• [YOUR TASK] Would you output the following records verbatim and skip the images in them?

[[ GIVEN ENTRIES, beginning ]]

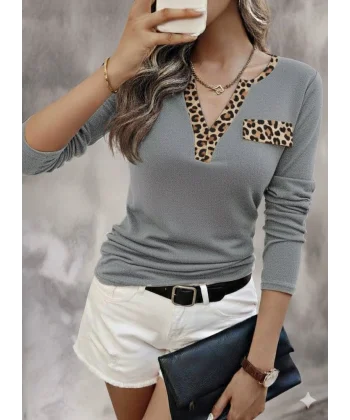 Kadın Uzun Kollu V Yakalı Kaşkorse Bluz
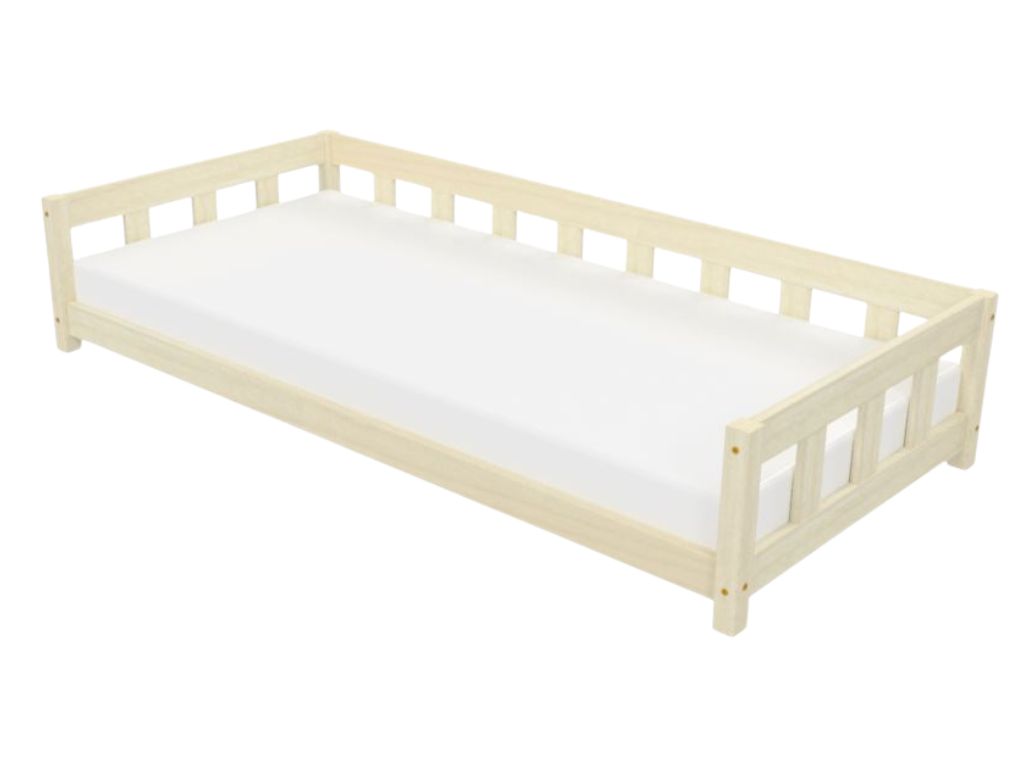 Benlemi Jednolůžková postel PLOTTY se zábranou Zvolte barvu: Nelakovaná, Zvolte rozměr: 80x190 cm, Zvolte zábranu: S otevřeným vstupem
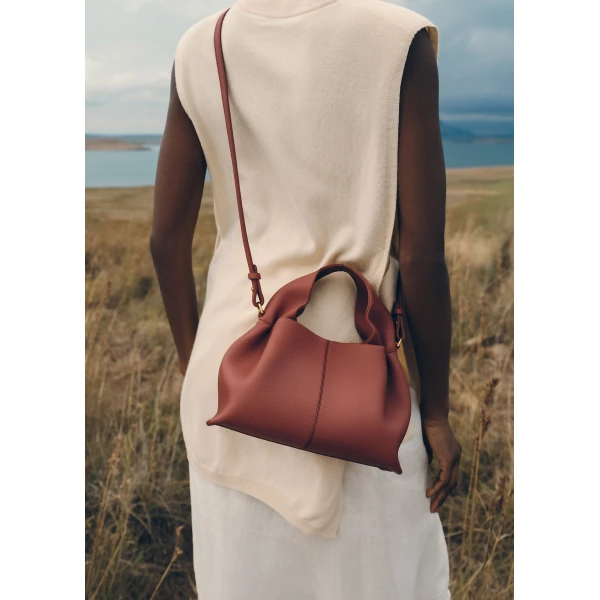Polene Numéro Neuf Mini in Terracotta Bag, view 2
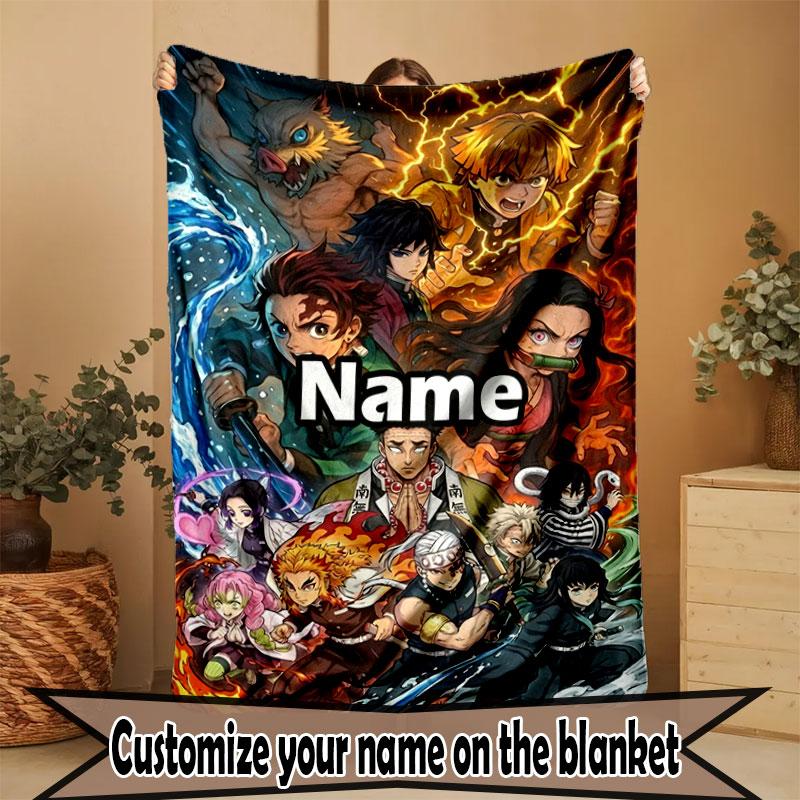 Custom Name Personalized Demon Slayer Print Blanket, Home Decor, Bedroom, Sofa, Camping, Couch, Gifts for Birthday Christmas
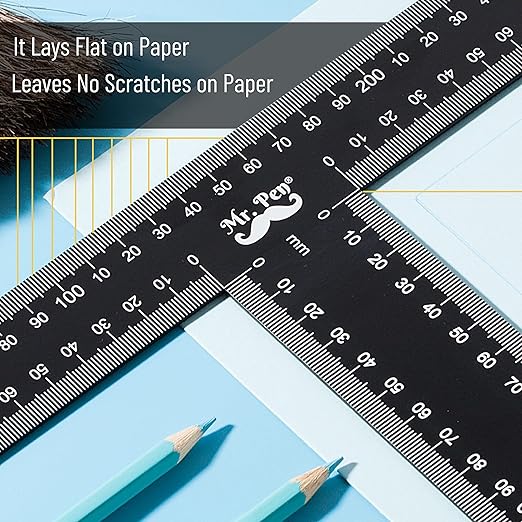 Mr. Pen - T Square, T Ruler, 12 inch Metal Ruler, T Square Ruler, Drafting Tools, Architect Ruler, Set Square, Drafting Ruler, Tsquare, Truler, Architectural Triangle, Tee Ruler, L Square, Scale Ruler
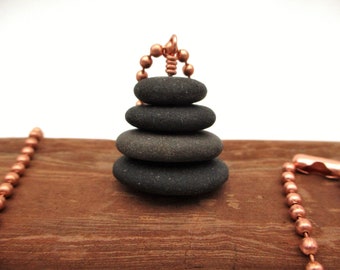 Zen Pebble Necklace with 20 Inch Pure Copper Ball Chain, Lake Michigan Rock Pendant with Gift Box, Stacked Stone Necklace for a Man or Woman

[[ GIVEN ENTRIES, end ]]

• [RESULT OF THE TASK]
 Kadın Uzun Kollu V Yakalı Kaşkorse Bluz
 Benlemi Jednolůžková postel PLOTTY se zábranou Zvolte barvu: Nelakovaná, Zvolte rozměr: 80x190 cm, Zvolte zábranu: S otevřeným vstupem
Polene Numéro Neuf Mini in Terracotta Bag, view 2
 Custom Name Personalized Demon Slayer Print Blanket, Home Decor, Bedroom, Sofa, Camping, Couch, Gifts for Birthday Christmas
 Mr. Pen - T Square, T Ruler, 12 inch Metal Ruler, T Square Ruler, Drafting Tools, Architect Ruler, Set Square, Drafting Ruler, Tsquare, Truler, Architectural Triangle, Tee Ruler, L Square, Scale Ruler
 Zen Pebble Necklace with 20 Inch Pure Copper Ball Chain, Lake Michigan Rock Pendant with Gift Box, Stacked Stone Necklace for a Man or Woman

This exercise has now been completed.